The 52-year-old Annandale man identified as a person of interest in the disappearance of Jacob Wetterling was indicted Wednesday on 25 child pornography charges.

The nine-page indictment details charges against Danny James Heinrich, who has been in federal custody since late October on five similar charges. The indictment added 20 charges related to possessing and receiving child pornography both in print and digital images. Some of the material featured prepubescent children under age 12.

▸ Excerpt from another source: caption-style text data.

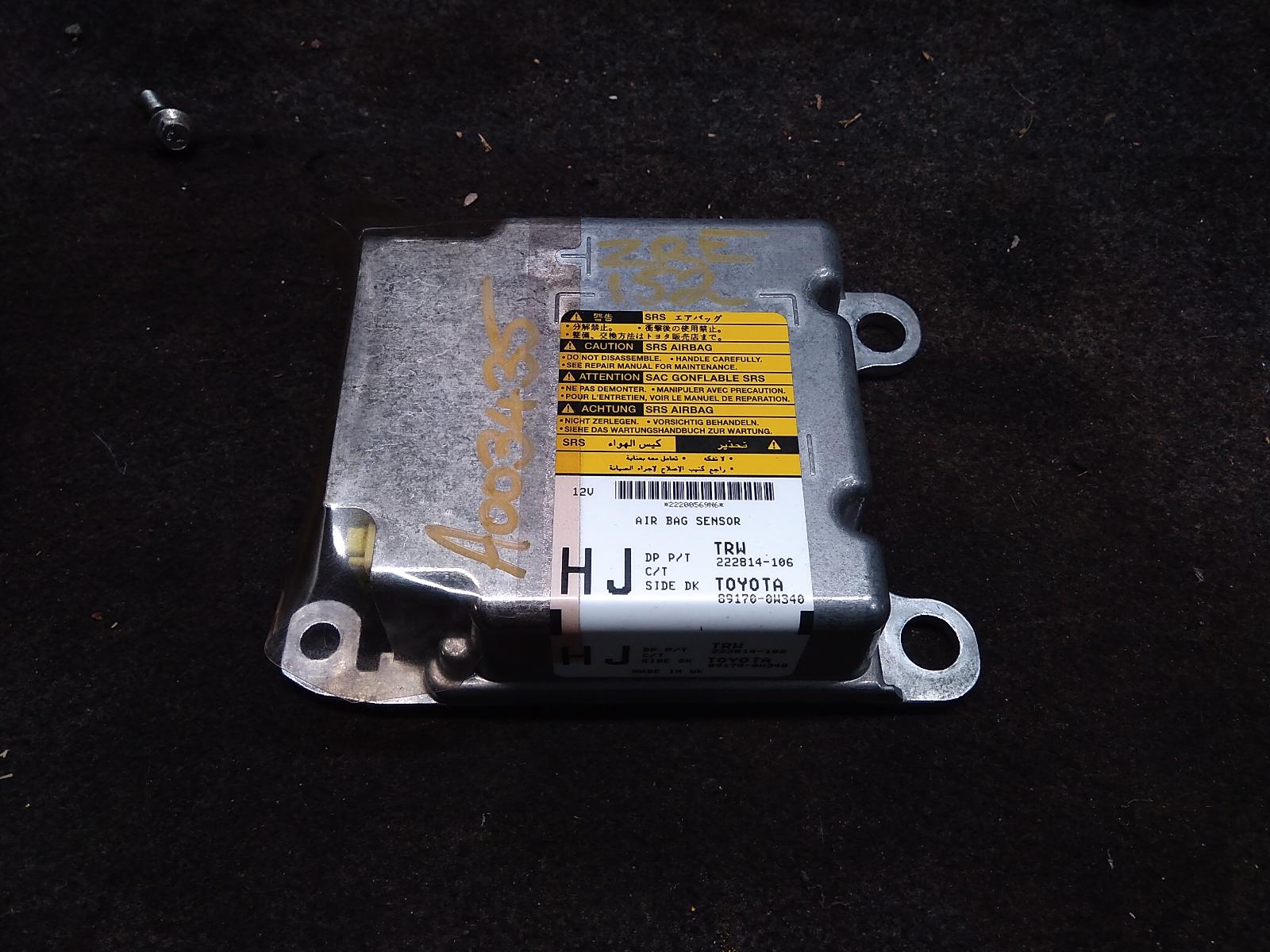 View Auto part Airbag Module/Sensor Toyota Corolla 2010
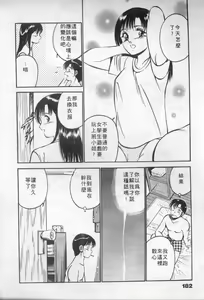 Page 183 of Natsuiro Monogatari - preview thumbnail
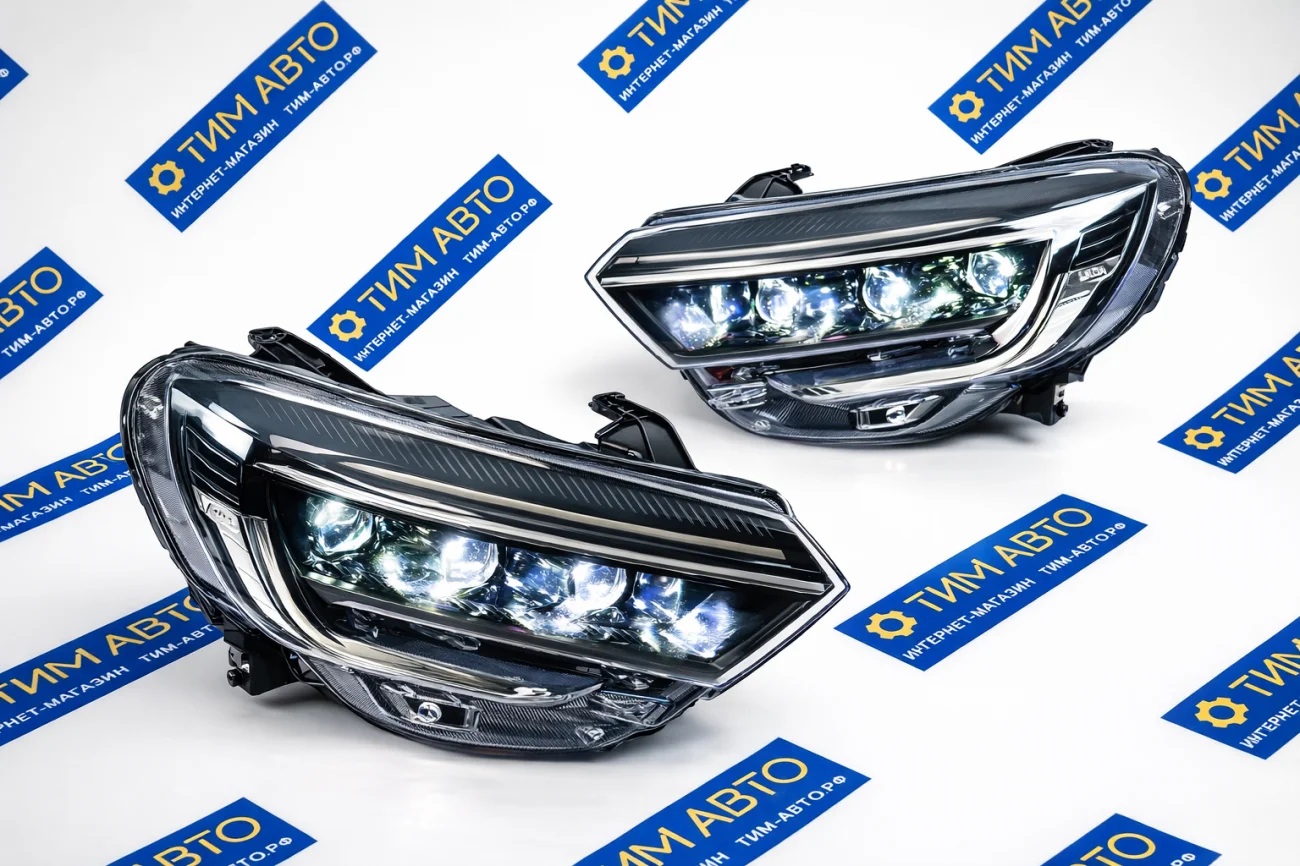 Блок-фары диодные LED. 3 линзы. Веста Vesta NG / FL.Под заводской поворот и ДХО. Комплект. Аналог.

Jacob Wetterling’s name doesn’t appear in the indictment, but shortly after Heinrich’s arrest last fall, a federal agent testified in court that he was a “person of interest” in Jacob’s disappearance 26 years ago.

After more than two decades with rarely a formal hint about the identity of Jacob’s kidnapper, the revelation was stunning to a generation of Minnesotans who know the details of the case and are haunted by the horror and unresolved mystery of his disappearance.

No one has ever been charged in Jacob’s abduction. He was kidnapped on Oct. 22, 1989, at gunpoint by a masked man not far from his home in St. Joseph, Minn. He and his brother and a friend were returning from a store after renting a movie. His fate and his whereabouts remain unknown.

The FBI agent who testified last month said Heinrich was now the focus of interest because of similarities to another case. In January 1989, a man forced a 12-year-old Cold Spring boy into his car, drove for 15 minutes and then sexually assaulted him.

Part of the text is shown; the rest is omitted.